YOUR OBJECTIVE:
These records contain pictures, which must be left out; copy exactly the lines from the one with "تستقطب السياح* 443_01261248894" up to and including the one with "--FILE--drapeaux de Chine".

DATASET:
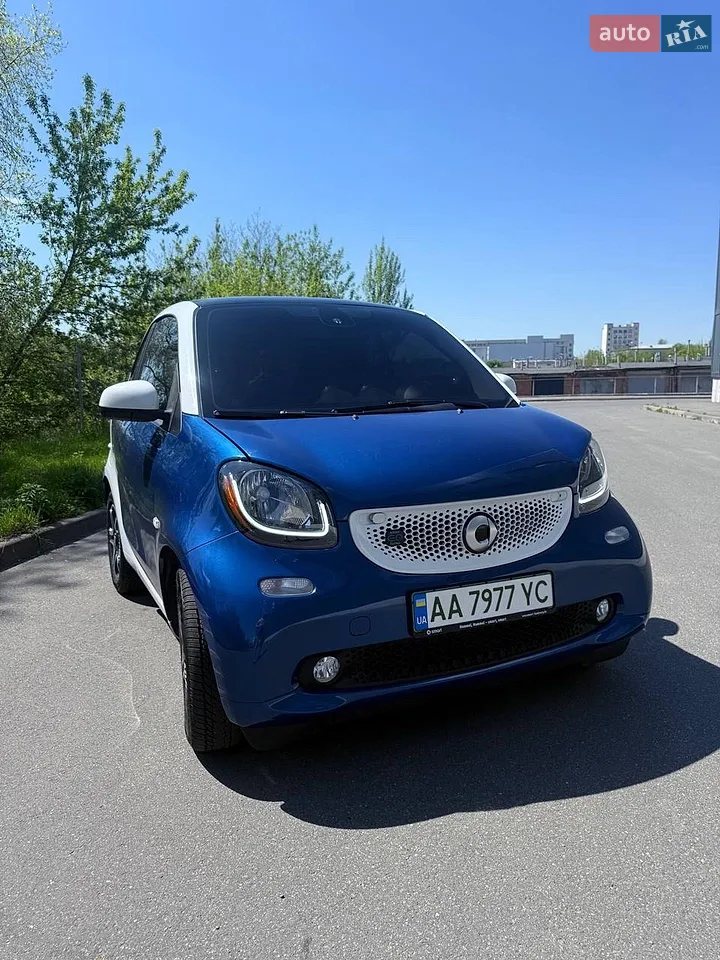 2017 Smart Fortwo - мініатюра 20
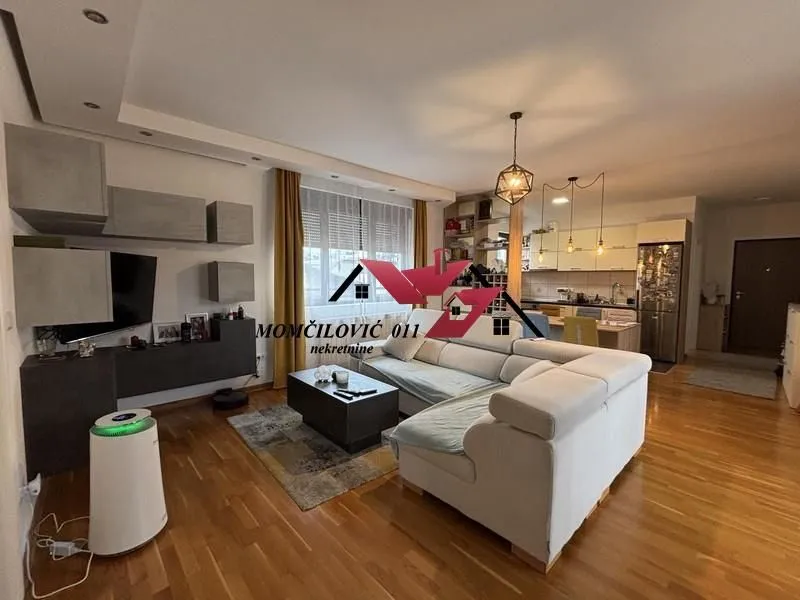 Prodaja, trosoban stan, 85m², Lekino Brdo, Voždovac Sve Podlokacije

==

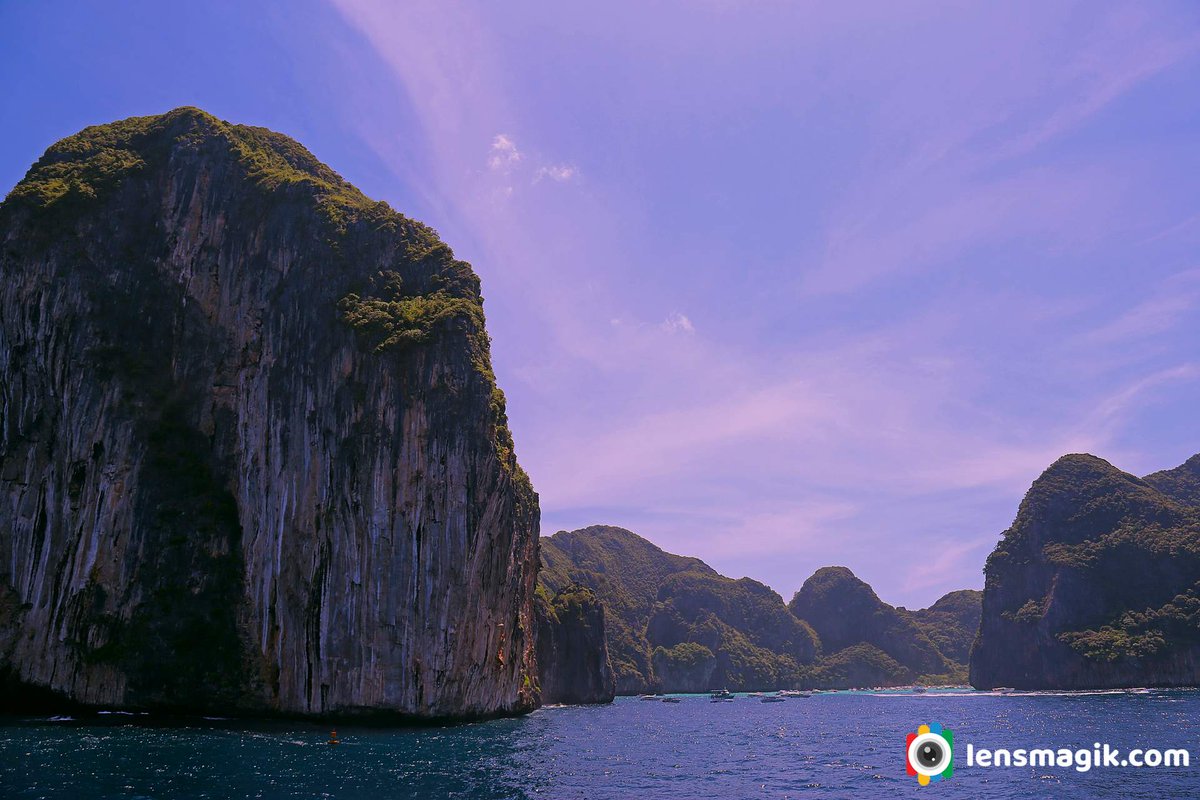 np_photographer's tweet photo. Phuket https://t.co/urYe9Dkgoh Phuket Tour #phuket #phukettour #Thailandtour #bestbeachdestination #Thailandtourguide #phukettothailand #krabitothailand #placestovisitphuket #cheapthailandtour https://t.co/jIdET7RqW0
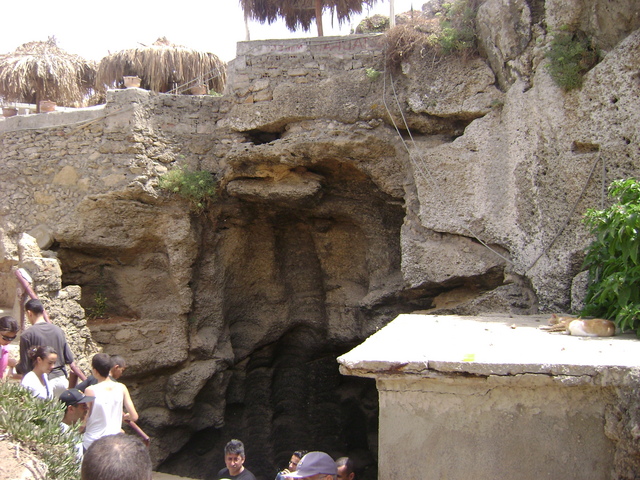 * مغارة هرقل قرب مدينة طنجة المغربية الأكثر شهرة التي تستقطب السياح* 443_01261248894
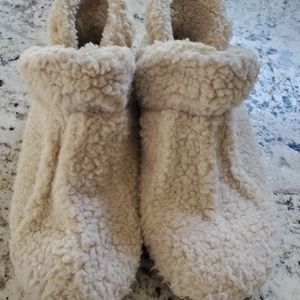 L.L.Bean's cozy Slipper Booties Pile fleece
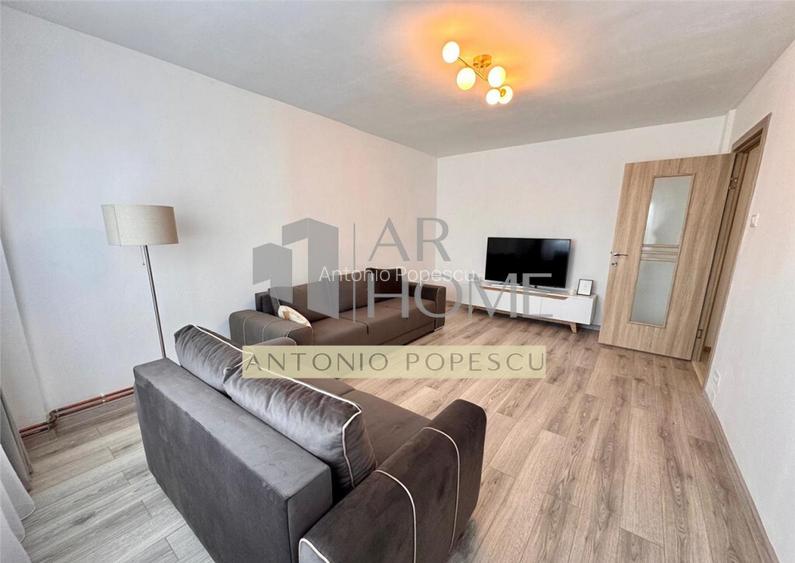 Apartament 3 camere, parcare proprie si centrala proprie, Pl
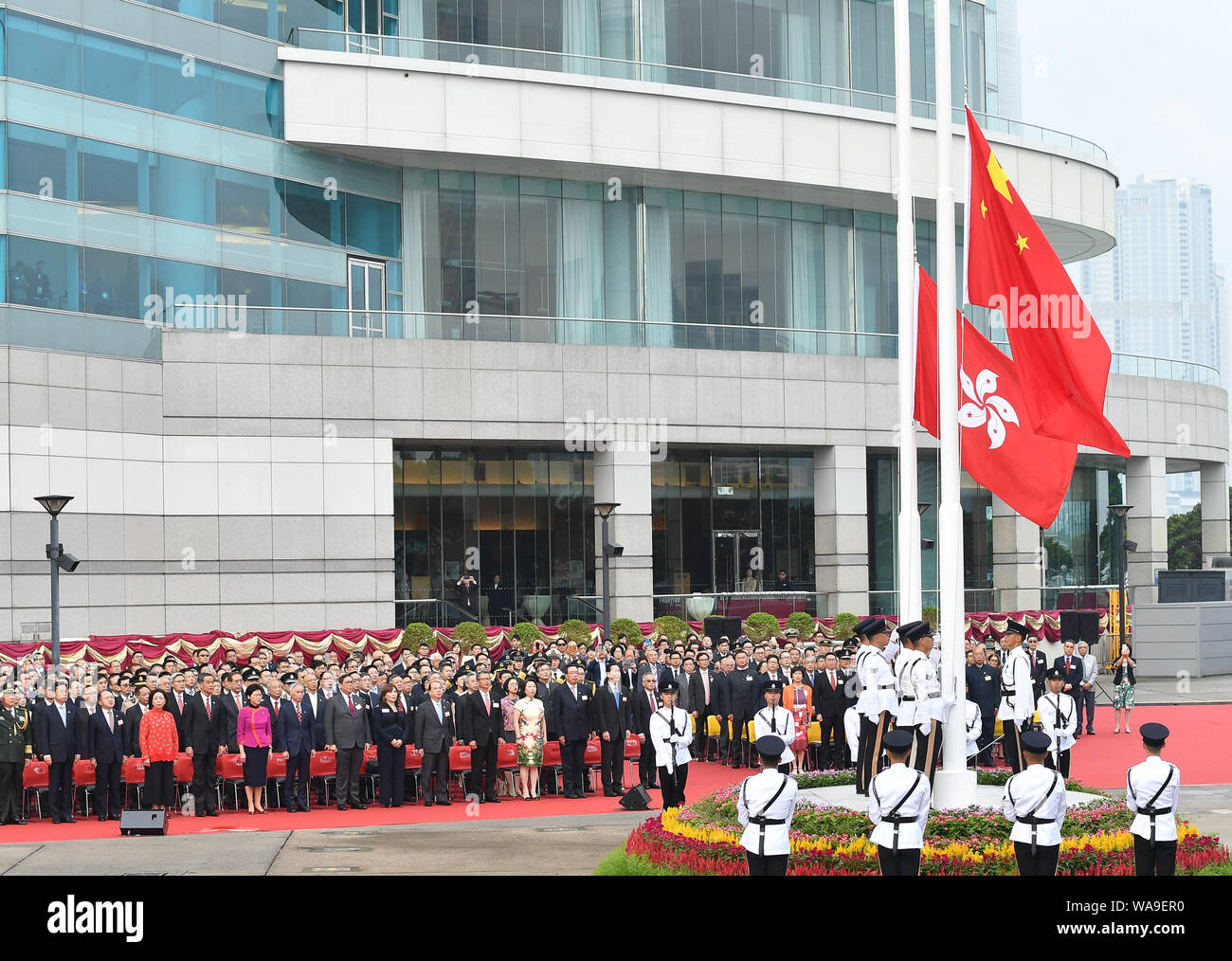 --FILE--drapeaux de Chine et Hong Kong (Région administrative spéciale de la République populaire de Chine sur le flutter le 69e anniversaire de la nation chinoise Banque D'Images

TASK SOLUTION:
 * مغارة هرقل قرب مدينة طنجة المغربية الأكثر شهرة التي تستقطب السياح* 443_01261248894
 L.L.Bean's cozy Slipper Booties Pile fleece
 Apartament 3 camere, parcare proprie si centrala proprie, Pl
 --FILE--drapeaux de Chine et Hong Kong (Région administrative spéciale de la République populaire de Chine sur le flutter le 69e anniversaire de la nation chinoise Banque D'Images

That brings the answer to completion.